Optimizing the Bruck Algorithm for Non-uniform All-to-all Communication

MPI_Alltoallv is a generalization of MPI_Alltoall, supporting the exchange of non-uniform distributions of data. However, MPI_Alltoallv is typically implemented using only variants of the spread-out algorithm, and therefore misses out on the performance benefits that the log-time Bruck algorithm offers (especially for smaller data loads).
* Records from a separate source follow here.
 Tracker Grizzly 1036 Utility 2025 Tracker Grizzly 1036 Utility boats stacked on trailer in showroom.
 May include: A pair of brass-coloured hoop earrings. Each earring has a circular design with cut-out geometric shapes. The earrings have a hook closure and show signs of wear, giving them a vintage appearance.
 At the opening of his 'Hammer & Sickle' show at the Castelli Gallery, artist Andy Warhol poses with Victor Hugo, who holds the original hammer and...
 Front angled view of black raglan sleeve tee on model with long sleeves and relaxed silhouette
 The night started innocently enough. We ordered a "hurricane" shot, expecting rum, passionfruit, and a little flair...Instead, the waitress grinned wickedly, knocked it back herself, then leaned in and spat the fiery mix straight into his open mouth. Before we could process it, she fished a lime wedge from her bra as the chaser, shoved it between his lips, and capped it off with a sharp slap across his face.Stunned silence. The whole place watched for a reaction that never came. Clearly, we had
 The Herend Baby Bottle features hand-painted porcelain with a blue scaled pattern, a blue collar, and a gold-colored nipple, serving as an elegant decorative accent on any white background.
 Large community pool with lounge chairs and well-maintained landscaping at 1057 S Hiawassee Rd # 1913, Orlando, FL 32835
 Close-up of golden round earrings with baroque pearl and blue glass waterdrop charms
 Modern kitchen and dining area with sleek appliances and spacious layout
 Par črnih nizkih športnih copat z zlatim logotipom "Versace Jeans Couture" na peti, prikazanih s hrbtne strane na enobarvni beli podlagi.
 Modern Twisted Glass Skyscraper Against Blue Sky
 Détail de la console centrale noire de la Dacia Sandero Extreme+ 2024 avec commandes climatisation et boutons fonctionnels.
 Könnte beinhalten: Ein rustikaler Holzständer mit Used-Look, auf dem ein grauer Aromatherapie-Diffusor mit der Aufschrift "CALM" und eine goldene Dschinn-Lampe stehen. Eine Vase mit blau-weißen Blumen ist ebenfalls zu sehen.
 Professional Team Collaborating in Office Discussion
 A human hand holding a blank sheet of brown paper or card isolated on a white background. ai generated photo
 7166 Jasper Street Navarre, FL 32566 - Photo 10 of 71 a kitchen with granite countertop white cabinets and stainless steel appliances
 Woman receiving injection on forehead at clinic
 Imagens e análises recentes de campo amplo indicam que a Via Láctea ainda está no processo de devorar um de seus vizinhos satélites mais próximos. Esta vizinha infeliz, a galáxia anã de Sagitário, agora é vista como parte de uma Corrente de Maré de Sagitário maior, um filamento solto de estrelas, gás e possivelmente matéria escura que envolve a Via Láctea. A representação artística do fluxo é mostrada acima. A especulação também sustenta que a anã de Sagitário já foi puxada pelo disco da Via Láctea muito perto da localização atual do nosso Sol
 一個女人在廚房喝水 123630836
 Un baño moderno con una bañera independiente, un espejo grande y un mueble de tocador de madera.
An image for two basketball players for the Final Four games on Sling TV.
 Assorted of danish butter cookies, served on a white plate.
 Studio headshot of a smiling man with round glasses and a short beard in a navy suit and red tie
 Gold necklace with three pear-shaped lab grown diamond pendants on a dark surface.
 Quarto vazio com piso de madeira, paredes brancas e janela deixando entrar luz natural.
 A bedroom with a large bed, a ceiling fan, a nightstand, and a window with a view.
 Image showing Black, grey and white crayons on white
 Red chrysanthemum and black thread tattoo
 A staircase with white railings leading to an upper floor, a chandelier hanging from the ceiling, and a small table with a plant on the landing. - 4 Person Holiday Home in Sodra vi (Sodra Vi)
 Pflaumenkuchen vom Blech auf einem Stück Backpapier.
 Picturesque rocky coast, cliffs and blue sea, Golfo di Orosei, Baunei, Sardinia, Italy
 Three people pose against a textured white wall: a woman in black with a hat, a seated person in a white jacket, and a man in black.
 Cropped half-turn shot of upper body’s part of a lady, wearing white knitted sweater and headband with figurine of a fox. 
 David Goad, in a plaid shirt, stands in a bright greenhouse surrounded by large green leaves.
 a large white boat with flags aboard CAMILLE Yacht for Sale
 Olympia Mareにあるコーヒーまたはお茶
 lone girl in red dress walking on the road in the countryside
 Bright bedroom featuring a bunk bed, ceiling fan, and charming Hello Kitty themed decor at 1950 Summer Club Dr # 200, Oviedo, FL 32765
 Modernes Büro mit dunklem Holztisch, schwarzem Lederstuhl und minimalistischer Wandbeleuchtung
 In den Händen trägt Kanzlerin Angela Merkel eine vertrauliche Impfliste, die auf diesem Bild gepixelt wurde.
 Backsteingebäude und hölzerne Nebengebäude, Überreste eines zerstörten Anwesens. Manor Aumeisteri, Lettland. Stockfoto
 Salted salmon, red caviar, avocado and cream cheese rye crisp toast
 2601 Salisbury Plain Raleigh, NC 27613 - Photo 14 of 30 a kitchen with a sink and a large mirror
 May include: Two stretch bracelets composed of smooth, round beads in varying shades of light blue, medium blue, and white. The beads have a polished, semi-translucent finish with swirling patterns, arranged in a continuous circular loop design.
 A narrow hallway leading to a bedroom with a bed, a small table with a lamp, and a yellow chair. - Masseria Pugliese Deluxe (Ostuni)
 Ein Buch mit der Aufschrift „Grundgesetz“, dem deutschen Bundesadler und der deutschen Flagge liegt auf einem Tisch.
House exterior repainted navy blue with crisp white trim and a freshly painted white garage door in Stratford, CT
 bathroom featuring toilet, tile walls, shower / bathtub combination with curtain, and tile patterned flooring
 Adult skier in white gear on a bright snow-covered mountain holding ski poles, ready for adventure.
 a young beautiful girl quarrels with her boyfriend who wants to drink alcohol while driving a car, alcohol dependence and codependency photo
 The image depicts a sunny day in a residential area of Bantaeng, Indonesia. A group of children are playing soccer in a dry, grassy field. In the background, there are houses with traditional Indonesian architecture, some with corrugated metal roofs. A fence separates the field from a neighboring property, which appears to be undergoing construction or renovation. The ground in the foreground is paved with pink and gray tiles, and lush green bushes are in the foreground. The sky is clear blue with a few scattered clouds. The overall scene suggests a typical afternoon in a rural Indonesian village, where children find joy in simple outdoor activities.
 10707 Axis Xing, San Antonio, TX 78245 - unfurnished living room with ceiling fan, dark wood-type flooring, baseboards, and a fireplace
Therefore, we implement and empirically evaluate all existing variants of the Bruck algorithm for uniform and non-uniform data loads–this forms the basis for our own Bruck-based non-uniform all-to-all algorithms. In particular, we developed two implementations, padded Bruck and two-phase Bruck, that efficiently generalize Bruck algorithm to non-uniform all-to-all data exchange.

Padded Bruck

Padded Bruck converts a non-uniform all-to-all problem into a uni- form all-to-all problem through padding—a natural extension. There are three main phases: (a) padding all non-uniform buffers to a fixed-sized buffer, (b) invoking Bruck-style communication for the uniform buffers, and (c) scanning the received buffers to extract the actual data.

Two-phase Bruck

The Two-phase Bruck algorithm performs a coupled two-phase data exchange (for all log(𝑃) communication steps) and by using a large monolithic buffer. The two-phase communication involves a meta-data exchange followed by actual data transfer, where the meta-data prepares processes for the actual data exchange. The monolithic working buffer facilitates seamless intermediate data exchanges, pre-allocated to an upper bound on overflow data. The approach requires more space in the transfer phases to optimize communication time.

Input Parameters

The same with MPI_Alltoallv.

sendbuf: starting address of send buffer (char*)
sendcounts: integer array equal to the group size specifying the number of elements to send to each processor
sdispls: integer array (of length group size). Entry j specifies the displacement (relative to sendbuf from which to take the outgoing data destined for process j
sendtype: data type of send buffer elements (handle)
recvcounts: integer array equal to the group size specifying the maximum number of elements that can be received from each processor
rdispls: integer array (of length group size). Entry i specifies the displacement (relative to recvbuf at which to place the incoming data from process i
recvtype: data type of receive buffer elements (handle)
comm: communicator (handle)

Building and installing

Building and installing bruck-alltoallv requires cmake 3.1+ and a current C++11-compatible Compiler. Clone bruck-alltoallv from github and proceed as follows:

 $ git clone https://github.com/harp-lab/bruck-alltoallv.git
 $ cd bruck-alltoallv
 $ git checkout alltoallv
 $ mkdir build && cd build
 $ cmake ..
 $ make

Examples

We conduct a thorough evaluation of our algorithms using synthetic microbenchmarks on the Theta Supercomputer [4] of Argonne National Lab (ANL).

 $ cd examples
 $ mpirun -n <nprocs> ./nubruck

Citing

Fan K, Gilray T, Pascucci V, Huang X, Micinski K, Kumar S. Optimizing the Bruck Algorithm for Non-uniform All-to-all Communication. InProceedings of the 31st International Symposium on High-Performance Parallel and Distributed Computing 2022 Jun 27 (pp. 172-184).